What to do - Return every record exactly. Omit nothing.

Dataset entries
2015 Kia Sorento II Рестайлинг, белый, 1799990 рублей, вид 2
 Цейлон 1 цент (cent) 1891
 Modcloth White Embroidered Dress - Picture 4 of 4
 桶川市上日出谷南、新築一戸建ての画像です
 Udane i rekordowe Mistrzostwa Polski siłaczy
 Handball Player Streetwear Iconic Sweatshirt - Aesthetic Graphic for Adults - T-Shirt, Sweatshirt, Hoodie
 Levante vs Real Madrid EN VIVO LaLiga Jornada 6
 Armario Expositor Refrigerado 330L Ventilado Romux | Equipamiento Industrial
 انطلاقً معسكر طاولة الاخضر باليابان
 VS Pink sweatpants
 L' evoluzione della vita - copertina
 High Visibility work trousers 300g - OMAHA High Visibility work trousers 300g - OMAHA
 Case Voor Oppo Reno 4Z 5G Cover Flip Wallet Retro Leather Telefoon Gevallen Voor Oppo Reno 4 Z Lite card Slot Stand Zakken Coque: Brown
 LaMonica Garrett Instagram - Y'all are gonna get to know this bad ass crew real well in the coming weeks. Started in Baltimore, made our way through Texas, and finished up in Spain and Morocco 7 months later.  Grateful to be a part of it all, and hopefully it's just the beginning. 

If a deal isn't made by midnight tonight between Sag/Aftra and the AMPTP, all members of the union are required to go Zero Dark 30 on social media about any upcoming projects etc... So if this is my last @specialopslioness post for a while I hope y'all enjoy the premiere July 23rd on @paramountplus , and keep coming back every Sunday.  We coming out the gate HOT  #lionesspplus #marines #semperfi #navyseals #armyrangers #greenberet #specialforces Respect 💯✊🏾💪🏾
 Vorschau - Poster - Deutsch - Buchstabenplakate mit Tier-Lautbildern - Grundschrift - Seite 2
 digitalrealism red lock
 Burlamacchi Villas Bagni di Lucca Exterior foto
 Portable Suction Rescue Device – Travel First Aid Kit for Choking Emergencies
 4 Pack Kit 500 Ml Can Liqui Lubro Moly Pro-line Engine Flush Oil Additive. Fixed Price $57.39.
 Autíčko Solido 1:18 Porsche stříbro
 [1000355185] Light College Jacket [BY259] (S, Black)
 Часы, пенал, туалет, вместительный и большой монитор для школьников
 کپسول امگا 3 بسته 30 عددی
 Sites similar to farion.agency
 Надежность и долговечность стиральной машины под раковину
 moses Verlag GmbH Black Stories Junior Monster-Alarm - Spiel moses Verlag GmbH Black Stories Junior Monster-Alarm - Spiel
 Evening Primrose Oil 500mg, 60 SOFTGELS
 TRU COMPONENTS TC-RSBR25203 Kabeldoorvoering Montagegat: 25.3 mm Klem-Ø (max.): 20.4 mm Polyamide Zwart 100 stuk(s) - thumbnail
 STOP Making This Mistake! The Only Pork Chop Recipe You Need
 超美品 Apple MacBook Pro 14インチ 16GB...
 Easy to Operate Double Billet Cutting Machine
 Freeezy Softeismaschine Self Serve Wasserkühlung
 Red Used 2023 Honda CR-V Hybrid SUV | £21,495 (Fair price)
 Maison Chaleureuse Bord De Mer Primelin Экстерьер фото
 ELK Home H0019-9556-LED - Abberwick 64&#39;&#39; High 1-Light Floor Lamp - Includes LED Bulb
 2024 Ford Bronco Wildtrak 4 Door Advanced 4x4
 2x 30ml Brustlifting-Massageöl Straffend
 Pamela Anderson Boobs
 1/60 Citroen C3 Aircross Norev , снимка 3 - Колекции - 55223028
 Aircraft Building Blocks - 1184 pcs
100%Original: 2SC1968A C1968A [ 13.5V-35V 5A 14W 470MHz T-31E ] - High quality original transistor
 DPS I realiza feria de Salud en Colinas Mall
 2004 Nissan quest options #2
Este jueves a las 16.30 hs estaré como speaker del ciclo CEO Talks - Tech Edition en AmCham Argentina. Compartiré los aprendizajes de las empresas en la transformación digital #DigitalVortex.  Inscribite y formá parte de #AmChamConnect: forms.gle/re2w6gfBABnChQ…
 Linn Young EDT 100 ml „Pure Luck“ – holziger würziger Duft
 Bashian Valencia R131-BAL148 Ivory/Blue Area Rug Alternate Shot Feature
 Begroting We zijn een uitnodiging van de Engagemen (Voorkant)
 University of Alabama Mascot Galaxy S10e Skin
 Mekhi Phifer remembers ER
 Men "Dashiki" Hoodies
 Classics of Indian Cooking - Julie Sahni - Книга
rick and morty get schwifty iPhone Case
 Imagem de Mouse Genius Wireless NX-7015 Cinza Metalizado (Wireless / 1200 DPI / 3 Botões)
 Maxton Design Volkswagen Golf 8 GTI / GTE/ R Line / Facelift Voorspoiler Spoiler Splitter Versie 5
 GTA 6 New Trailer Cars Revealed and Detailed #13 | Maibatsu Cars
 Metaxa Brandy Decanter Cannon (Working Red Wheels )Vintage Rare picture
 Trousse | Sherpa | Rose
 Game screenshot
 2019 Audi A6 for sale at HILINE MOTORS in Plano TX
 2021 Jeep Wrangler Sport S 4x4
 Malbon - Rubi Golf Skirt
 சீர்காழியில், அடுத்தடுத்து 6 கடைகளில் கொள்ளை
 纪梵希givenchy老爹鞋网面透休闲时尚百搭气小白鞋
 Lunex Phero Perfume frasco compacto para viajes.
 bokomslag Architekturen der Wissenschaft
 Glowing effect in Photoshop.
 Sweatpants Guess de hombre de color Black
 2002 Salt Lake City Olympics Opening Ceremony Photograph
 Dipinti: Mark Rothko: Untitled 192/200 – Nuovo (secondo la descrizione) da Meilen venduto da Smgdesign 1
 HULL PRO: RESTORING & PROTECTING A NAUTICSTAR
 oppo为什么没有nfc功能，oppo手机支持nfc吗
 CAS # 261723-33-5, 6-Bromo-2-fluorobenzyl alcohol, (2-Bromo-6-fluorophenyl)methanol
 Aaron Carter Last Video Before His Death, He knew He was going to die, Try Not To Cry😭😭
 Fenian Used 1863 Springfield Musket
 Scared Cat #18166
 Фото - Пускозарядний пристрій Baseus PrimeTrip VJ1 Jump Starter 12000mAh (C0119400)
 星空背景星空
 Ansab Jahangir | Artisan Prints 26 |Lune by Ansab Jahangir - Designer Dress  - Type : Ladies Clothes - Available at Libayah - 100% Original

Output of the task -
2015 Kia Sorento II Рестайлинг, белый, 1799990 рублей, вид 2
 Цейлон 1 цент (cent) 1891
 Modcloth White Embroidered Dress - Picture 4 of 4
 桶川市上日出谷南、新築一戸建ての画像です
 Udane i rekordowe Mistrzostwa Polski siłaczy
 Handball Player Streetwear Iconic Sweatshirt - Aesthetic Graphic for Adults - T-Shirt, Sweatshirt, Hoodie
 Levante vs Real Madrid EN VIVO LaLiga Jornada 6
 Armario Expositor Refrigerado 330L Ventilado Romux | Equipamiento Industrial
 انطلاقً معسكر طاولة الاخضر باليابان
 VS Pink sweatpants
 L' evoluzione della vita - copertina
 High Visibility work trousers 300g - OMAHA High Visibility work trousers 300g - OMAHA
 Case Voor Oppo Reno 4Z 5G Cover Flip Wallet Retro Leather Telefoon Gevallen Voor Oppo Reno 4 Z Lite card Slot Stand Zakken Coque: Brown
 LaMonica Garrett Instagram - Y'all are gonna get to know this bad ass crew real well in the coming weeks. Started in Baltimore, made our way through Texas, and finished up in Spain and Morocco 7 months later.  Grateful to be a part of it all, and hopefully it's just the beginning. 

If a deal isn't made by midnight tonight between Sag/Aftra and the AMPTP, all members of the union are required to go Zero Dark 30 on social media about any upcoming projects etc... So if this is my last @specialopslioness post for a while I hope y'all enjoy the premiere July 23rd on @paramountplus , and keep coming back every Sunday.  We coming out the gate HOT  #lionesspplus #marines #semperfi #navyseals #armyrangers #greenberet #specialforces Respect 💯✊🏾💪🏾
 Vorschau - Poster - Deutsch - Buchstabenplakate mit Tier-Lautbildern - Grundschrift - Seite 2
 digitalrealism red lock
 Burlamacchi Villas Bagni di Lucca Exterior foto
 Portable Suction Rescue Device – Travel First Aid Kit for Choking Emergencies
 4 Pack Kit 500 Ml Can Liqui Lubro Moly Pro-line Engine Flush Oil Additive. Fixed Price $57.39.
 Autíčko Solido 1:18 Porsche stříbro
 [1000355185] Light College Jacket [BY259] (S, Black)
 Часы, пенал, туалет, вместительный и большой монитор для школьников
 کپسول امگا 3 بسته 30 عددی
 Sites similar to farion.agency
 Надежность и долговечность стиральной машины под раковину
 moses Verlag GmbH Black Stories Junior Monster-Alarm - Spiel moses Verlag GmbH Black Stories Junior Monster-Alarm - Spiel
 Evening Primrose Oil 500mg, 60 SOFTGELS
 TRU COMPONENTS TC-RSBR25203 Kabeldoorvoering Montagegat: 25.3 mm Klem-Ø (max.): 20.4 mm Polyamide Zwart 100 stuk(s) - thumbnail
 STOP Making This Mistake! The Only Pork Chop Recipe You Need
 超美品 Apple MacBook Pro 14インチ 16GB...
 Easy to Operate Double Billet Cutting Machine
 Freeezy Softeismaschine Self Serve Wasserkühlung
 Red Used 2023 Honda CR-V Hybrid SUV | £21,495 (Fair price)
 Maison Chaleureuse Bord De Mer Primelin Экстерьер фото
 ELK Home H0019-9556-LED - Abberwick 64&#39;&#39; High 1-Light Floor Lamp - Includes LED Bulb
 2024 Ford Bronco Wildtrak 4 Door Advanced 4x4
 2x 30ml Brustlifting-Massageöl Straffend
 Pamela Anderson Boobs
 1/60 Citroen C3 Aircross Norev , снимка 3 - Колекции - 55223028
 Aircraft Building Blocks - 1184 pcs
100%Original: 2SC1968A C1968A [ 13.5V-35V 5A 14W 470MHz T-31E ] - High quality original transistor
 DPS I realiza feria de Salud en Colinas Mall
 2004 Nissan quest options #2
Este jueves a las 16.30 hs estaré como speaker del ciclo CEO Talks - Tech Edition en AmCham Argentina. Compartiré los aprendizajes de las empresas en la transformación digital #DigitalVortex.  Inscribite y formá parte de #AmChamConnect: forms.gle/re2w6gfBABnChQ…
 Linn Young EDT 100 ml „Pure Luck“ – holziger würziger Duft
 Bashian Valencia R131-BAL148 Ivory/Blue Area Rug Alternate Shot Feature
 Begroting We zijn een uitnodiging van de Engagemen (Voorkant)
 University of Alabama Mascot Galaxy S10e Skin
 Mekhi Phifer remembers ER
 Men "Dashiki" Hoodies
 Classics of Indian Cooking - Julie Sahni - Книга
rick and morty get schwifty iPhone Case
 Imagem de Mouse Genius Wireless NX-7015 Cinza Metalizado (Wireless / 1200 DPI / 3 Botões)
 Maxton Design Volkswagen Golf 8 GTI / GTE/ R Line / Facelift Voorspoiler Spoiler Splitter Versie 5
 GTA 6 New Trailer Cars Revealed and Detailed #13 | Maibatsu Cars
 Metaxa Brandy Decanter Cannon (Working Red Wheels )Vintage Rare picture
 Trousse | Sherpa | Rose
 Game screenshot
 2019 Audi A6 for sale at HILINE MOTORS in Plano TX
 2021 Jeep Wrangler Sport S 4x4
 Malbon - Rubi Golf Skirt
 சீர்காழியில், அடுத்தடுத்து 6 கடைகளில் கொள்ளை
 纪梵希givenchy老爹鞋网面透休闲时尚百搭气小白鞋
 Lunex Phero Perfume frasco compacto para viajes.
 bokomslag Architekturen der Wissenschaft
 Glowing effect in Photoshop.
 Sweatpants Guess de hombre de color Black
 2002 Salt Lake City Olympics Opening Ceremony Photograph
 Dipinti: Mark Rothko: Untitled 192/200 – Nuovo (secondo la descrizione) da Meilen venduto da Smgdesign 1
 HULL PRO: RESTORING & PROTECTING A NAUTICSTAR
 oppo为什么没有nfc功能，oppo手机支持nfc吗
 CAS # 261723-33-5, 6-Bromo-2-fluorobenzyl alcohol, (2-Bromo-6-fluorophenyl)methanol
 Aaron Carter Last Video Before His Death, He knew He was going to die, Try Not To Cry😭😭
 Fenian Used 1863 Springfield Musket
 Scared Cat #18166
 Фото - Пускозарядний пристрій Baseus PrimeTrip VJ1 Jump Starter 12000mAh (C0119400)
 星空背景星空
 Ansab Jahangir | Artisan Prints 26 |Lune by Ansab Jahangir - Designer Dress  - Type : Ladies Clothes - Available at Libayah - 100% Original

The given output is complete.